[whatwg] "Content-Disposition" property for <a> tags

Dennis Joachimsthaler dennis at efjot.de
Mon Jun 6 09:59:45 PDT 2011

Am 03.06.2011, 15:16 Uhr, schrieb Eduard Pascual <herenvardo at gmail.com>:

> On Fri, Jun 3, 2011 at 2:23 PM, Dennis Joachimsthaler <dennis at efjot.de>  
> wrote:
>>> This grants the ability for any content provider to use an explicit
>>> "Content-Disposition: inline" HTTP header to effectively block
>>> "download links" from arbitrary sources.
>> True. Is it still so that some browsers ignore the "filename" part
>> of a content-disposition if an "inline" disposition is used?
> Ok, I have never even thought about using the "filename" argument with
> an explicit "inline" disposition. When I am in control of the headers,
> I find it easier to "fix" the filename with 301/302 redirects, and
> also have the bonus of some control about how that should be cached...
> In short, I think that responding with a 2xx code _and_ attempting to
> change what's essentially part of the URI through other means is a
> contradiction, and thus a mistake on the best case, or some attempt to
> fool the browser into doing something it shouldn't do on the worst
> case.
> Because of that, I'm ok with whatever way the browser decides to
> handle the contradiction. You can read my position about
> error-handling on my earlier post some minutes ago.
>>> Personally, on the case I'm most concerned about ("data:" URIs used
>>> for "Save log" and similar functionalities), there is never a "true"
>>> disposition header; so my use cases do not push towards any of the
>>> options. What I have just written is what I feel is the most
>>> reasonable approach (the provider of a resource should have some
>>> control over it above an arbitrary third party).
>> Data URIs would very well benefit from this attribute, in my opinion.
>> This would also cater to the canvas lovers. Downloading something
>> drawn on a canvas instantly? No problem! <a href="data:...."
>> disposition="attachment" filename="canvas.png">Download me!</a>
> Yep, these are the cases I am actually concerned about. But on these
> scenarios there is no HTTP header involved, so it doesn't matter (for
> them) what takes precedence.

Yes, this was only an example which just came to my mind, nothing

>> This is still one thing that has to be settled though.
>> a) How do we call the attribute?
> Is there any reason to _not_ call it 'content-disposition'?
> Ok, there is one: verbosity. But, personally, I have no issue with
> some verbosity if it helps making things blatantly explicit.
> So many years of browser vendors reverse-engineering the error
> handling in competing products have convinced me that being explicit
> is a good thing.

Yes, I was trying to refer to the verbosity. There's no html attributes
with dashes in them as far as I know, except for "data-", which are user-
defined. This would kind of break the convention a little. I could think
about having "contentdispo" or some shortname like this, it would fit
"better" to what we currently have in html.

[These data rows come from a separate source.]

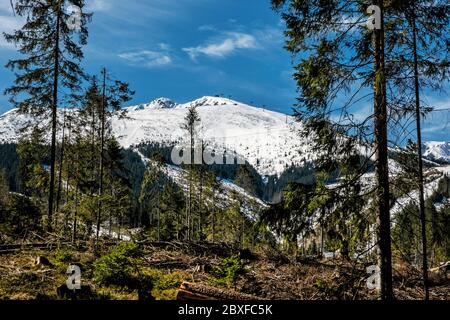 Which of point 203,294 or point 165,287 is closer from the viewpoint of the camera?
point 203,294

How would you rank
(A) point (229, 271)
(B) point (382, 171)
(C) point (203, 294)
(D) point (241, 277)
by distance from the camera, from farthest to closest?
(D) point (241, 277)
(A) point (229, 271)
(C) point (203, 294)
(B) point (382, 171)

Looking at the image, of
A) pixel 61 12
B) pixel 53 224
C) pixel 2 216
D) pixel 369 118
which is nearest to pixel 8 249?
pixel 2 216

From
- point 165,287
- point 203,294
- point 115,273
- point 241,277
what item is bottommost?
point 241,277

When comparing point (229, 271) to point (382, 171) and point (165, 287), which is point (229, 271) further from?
point (382, 171)

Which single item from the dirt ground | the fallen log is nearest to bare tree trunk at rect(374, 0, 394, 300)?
the dirt ground

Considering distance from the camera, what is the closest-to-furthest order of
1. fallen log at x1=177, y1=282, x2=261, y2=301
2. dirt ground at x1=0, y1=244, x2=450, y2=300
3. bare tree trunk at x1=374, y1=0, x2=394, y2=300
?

>> b) Do we include the "filename" part directly into the attribute
>>   or do we create a SECOND attribute just for this?
>> People have been posting several formats now. But I don't think we
>> actually have *agreed* upon one of those.
> What's wrong with using the same format as HTTP? I am not too strongly
> attached to that format, but I see no point in making things different
> from what we already have. As a minor advantage, implementors can
> reuse (or copy-paste) some few lines of parsing code instead of
> writting them again, since they already parse the header when they get
> it on an HTTP response.

Again, html convention: Currently html only has one "statement" in every
attribute, except for things like events (which is javascript) and style
(which is also ANOTHER language: css).

Seems cleaner to me if we stay to the "standard" and not change the syntax

Please tell me if I missed anything here!